If the summation just sum every term i was thinking that for instance 1+2+3+4 = 4+3+2+1
so why this $$\sum\limits_{i=1}^{n} (3i)\ = \sum\limits_{i=n}^{1} (3i) $$ is not true ?
And how i can invert the limits of the summation without changing the result ?
As a matter of convention, indices rise.

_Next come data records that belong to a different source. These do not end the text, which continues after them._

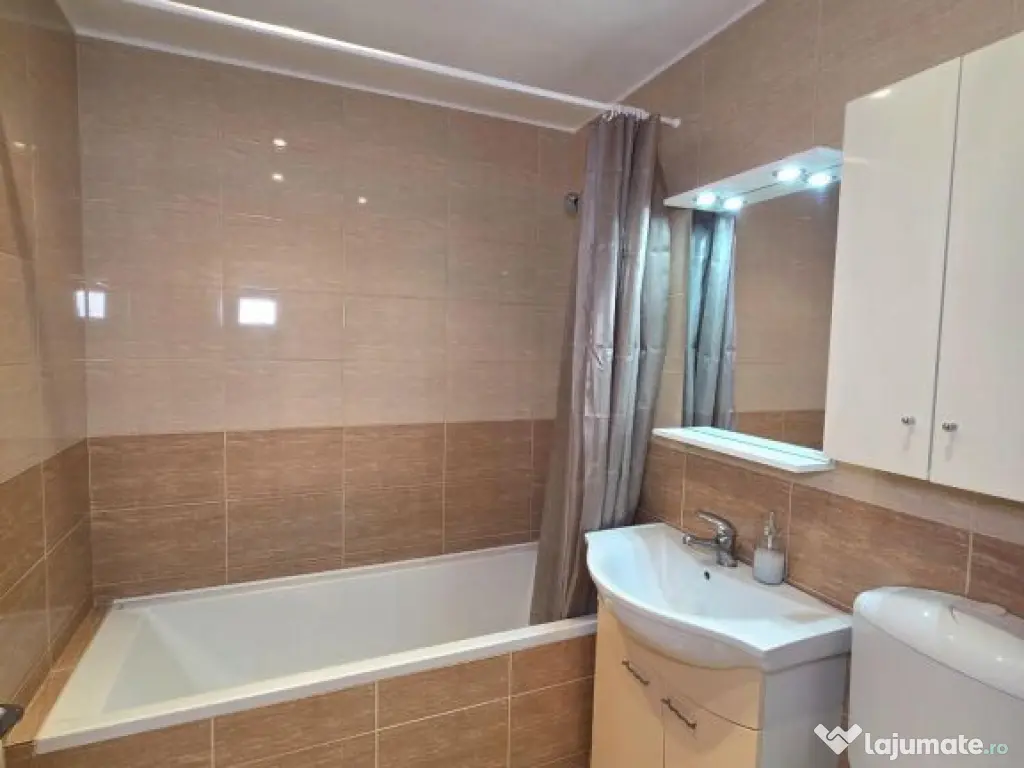 Apartament 3 camere de inchiriat in zona Tomis 2 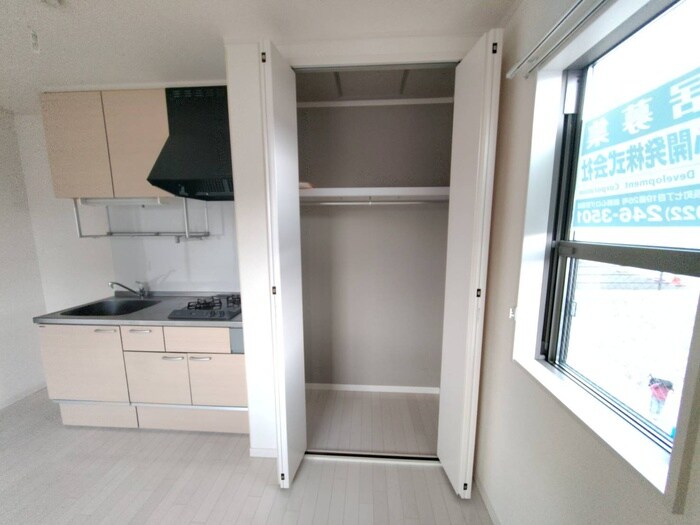 物件内観写真16　(収納)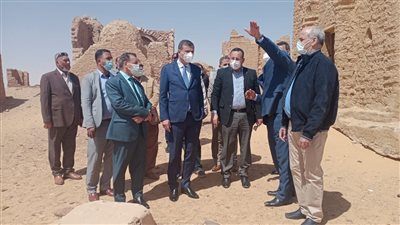 رئيس جامعة الفيوم ومحافظ الوادي الجديد يفعلان بروتوكول إقامة المشروعات واستصلاح الأراضي (صورة)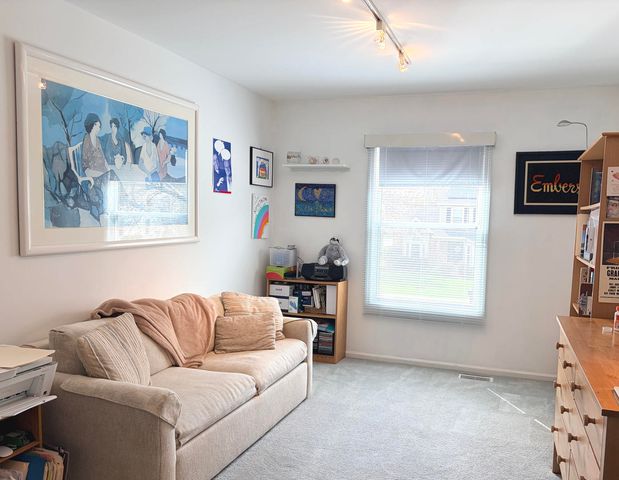 10 Copperwood Drive, Buffalo Grove, IL 60089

If you want to reverse the order of the terms, you need to write $\sum_{i=1}^na_i=\sum_{i=1}^na_{n+1-i}$.
To be consistent with the summation identity $\sum\limits_a^{b-1}+\sum\limits_b^c=\sum\limits_a^c$ when $a<b<c$
You need to set $\displaystyle \sum\limits_{i=M}^m x_i=-\sum\limits_{i=m+1}^{M-1} x_i$ for the case $m<M\ $ (and $0$ if $|M-m|\le 1$).
Have a look at this paper for a detailed approach.
As for integrals when bounds are reversed, a negative sign appears before the sum.
as others pointed out it is common (not convention) that indexes start from low values to high in that order, but when it is obvious it is undertood
$\sum\limits_{i=1}^{n} (3i)\ = \sum\limits_{i=n}^{1} (3i) $ is true, not sure why you think $3+6+9+\cdots +3n \neq 3n+\cdots+9+6+3$?
Just remember it is a shorthand, it is meaningless without defining what it means, you coud even define it with additional properties $\sum\limits_{k \text{ is prime} \le10000} k $ means $2+3+5+7+11+\cdots$ only primes less than 10000.